Wisky news USA: Diageo agrees to pay $5 mln to resolve claims of excess product shipments and misleading financial results

Diageo, the British alcoholic beverage company responsible for brands like Guinness and Smirnoff, agreed on February 19 to hand over $5 million to the U.S. Securities and Exchange Commission to resolve claims that it covered up excess product shipments and misled investors about financial results, Law360 reported.

Diageo PLC’s North American subsidiary pushed distributors to overstock their inventory in an attempt to meet performance targets as the market slumped, the SEC said in an administrative proceeding filed and settled on February 19.

“As a result, distributors in North America held substantial unneeded inventory, which was a known trend or uncertainty: the continued selling over demand was unsustainable because it was likely that distributors would purchase less product in future periods,” the regulator said. “Diageo’s periodic filings did not disclose these known trends and uncertainties to investors.”

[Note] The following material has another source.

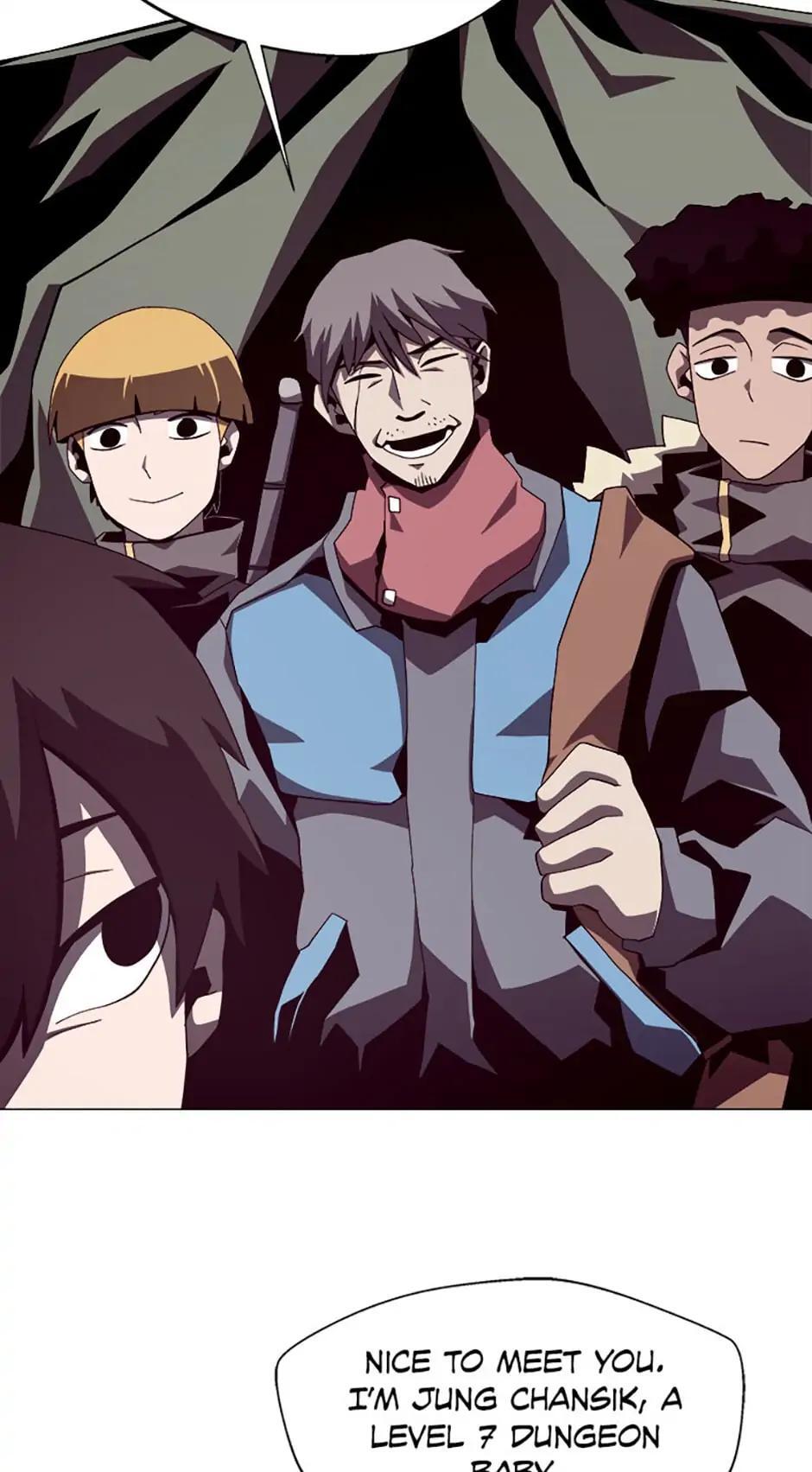 Read Dungeon Odyssey Manga Online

In 2014 and 2015, Diageo employees knew the North American arm was overshipping its spirits to meet financial goals, the SEC alleged. The company pressured third-party distributors to purchase unneeded products by waiving a termination clause in their contracts and certain penalty payments it would normally charge distributors for failing to move enough product, the regulator said.

As a result of its failure to disclose these practices, Diageo’s financial filings were materially misleading to investors in violation of federal securities laws, according to the SEC.

“These omissions made it appear as if Diageo achieved reported growth through organic net sales when, in fact, the results were achieved principally through overshipping unneeded product,” the agency said.

Diageo’s North American arm is its largest and most profitable, representing about 40% of the company’s annual operating profit and a third of its net sales during the years in question, according to the SEC.

In a statement posted on its website on February 19, Diageo said it was "pleased" to have resolved the matter.

"Diageo regularly reviews and refines its policies and procedures and is committed to maintaining a robust and transparent disclosure process," it said.

Diageo is represented by Stephen Ehrenberg and Sharon Nelles of Sullivan & Cromwell LLP.

The SEC is represented in-house by Melissa R. Hodgman, Timothy N. England, Stephen T. Kaiser, Matthew Reisig, Melissa Armstrong and Fred Block.

The case is In the Matter of Diageo PLC, administrative proceeding number 3-19701, before the U.S. Securities and Exchange Commission.